Only, as time went on and we grew up, we both did run away in our own sense. I fell into a ton of extracurricular activities in high school and when I graduated, I worked two jobs and spent the rest of my day at the library until it closed just so I wouldn’t have to go back home. After that, I tried really hard to be an active Jehovah’s Witness. When that didn’t work, I fled to college in southern Maryland.
My sister literally ran away without me when I was 13 or 14 years old. Suddenly, she was gone for months and neither my mother or I had any idea where she was. I was so stunned that I couldn’t think of anything to do except sit and stare at the wall for hours after school. It was safer for me than feeling whatever it was I felt. I knew the emotion was too intense for me, and that I would end up doing something to purge myself of it that would not be good.

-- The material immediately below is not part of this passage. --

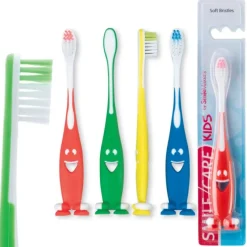 SmileCare™ Youth Smiley Suction Toothbrushes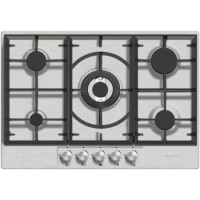 BAUMATIC BHG790SS Black-line 5 Burner 70cm Wide Gas Hob - Stainless Steel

I didn’t realize that was grief until just a few years ago, and since then I considered myself lucky that it had been the closest I’d come to the pain of losing someone so close to me. I can’t think of myself as that fortunate any more.
My sister died on April 30th, 2017. She had been found unconscious and unresponsive in her apartment a few days before, and when the paramedics arrived it took over twenty minutes to get back a pulse. She was on a respirator for days while the family gathered and doctors performed a few tests. By the end of that weekend, it was clear that her brain had died even though her heart was still beating. We heard the news as a family — my mother was there with me, and so was the father of her two oldest children. It shattered us; each of us had a complicated relationship with my sister that took us further away from her, then closer, over time. I’m not sure any of us understood how much she meant to us until we were told that we would never get to speak to her again.
In a lot of ways, I felt like I had already mourned my sister the first time she ran away. She came back and ran away a few more times before I left home for good, and that pattern would be repeated over the years in several fights with my mother. The last time I spoke to her, she had come back from going “off the grid” again for a few days, ready to work with Mom to get the house in order, take care of her children, and start the long hard road towards being a mother, daughter, caretaker and everything else folks wanted her to be. I didn’t think it would last, but I never could be sure because I didn’t know my sister — not really. The sister I knew had “died” the first time she disappeared without a trace, and all these years later I was still feeling my way around this changeling that had taken her place.
But of course that’s not the reality of the situation. Of course my sister was the same girl who plotted escaping home with her quiet, nerdy brother — just with more experience, an adult’s understanding of the childhood pain she carried with her for her entire life. When I think about what my sister went through in her too-brief life, I’m stunned by her strength and the realization of how much she loved people, how much she sought love and acceptance. And it breaks my heart that I realized that only now, when it’s too late to do anything with that knowledge.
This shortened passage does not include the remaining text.